Crab Racing at the Friend in Hand, Glebe
It’s Wednesday and that must mean it’s crab racing night at the Friend in Hand. As we rock up, we meet Fretsy, leaning against his pea green ute outside the pub. He plays in the house band Delicate Feathers on Sunday nights. He’s also known as Kangaroo Dave because he’s a roofer by day.
Fretsy shows me around his local, introducing me to Mitch the barman and Georgie, the pub’s cockatoo. He loves this place - says it reminds him of the legendary Spud Murphy’s Roadhouse in Pimba near Port Augusta.
The pub groans with piles of kitsch and memorabilia documenting a place that's so well patronised.
As the sun sets, Mick Byrne aka Byrnsy (co-owner with his brother Pete) gets his crab gear on. He’s a friendly bear of man who between spruiking for business and larking with the locals sweeps the fag ends off the pavement.
Numbers steadily build and by 9.00, locals and tourists make the move upstairs where the stage is set for the night. It’s a load of good old fashioned fun, with liberal use of water pistols, hooola hoops, balloons and loud music, carried along on a wave of Byrnsy’s exuberance and sheer bonhomie.
Bets on the sand crabs are $3.00 a pop and punters get to name them, the dirtier the better.
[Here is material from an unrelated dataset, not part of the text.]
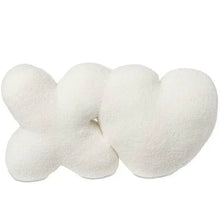 XO decorative pillow with plush white heart and knot shapes, soft fuzzy fabric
The race trumpet blares the start up call and the crabs are dumped in the middle of the mini stage. Byrnsy calls the race by shouting out the names in quick fire succession: ‘number four Princess, number four Princess, Number 21 Crabalicious, Number 21 Crabalicious, Number 5, Randy Racer, number five Randy Racer’. First one to slither across the outer circle wins.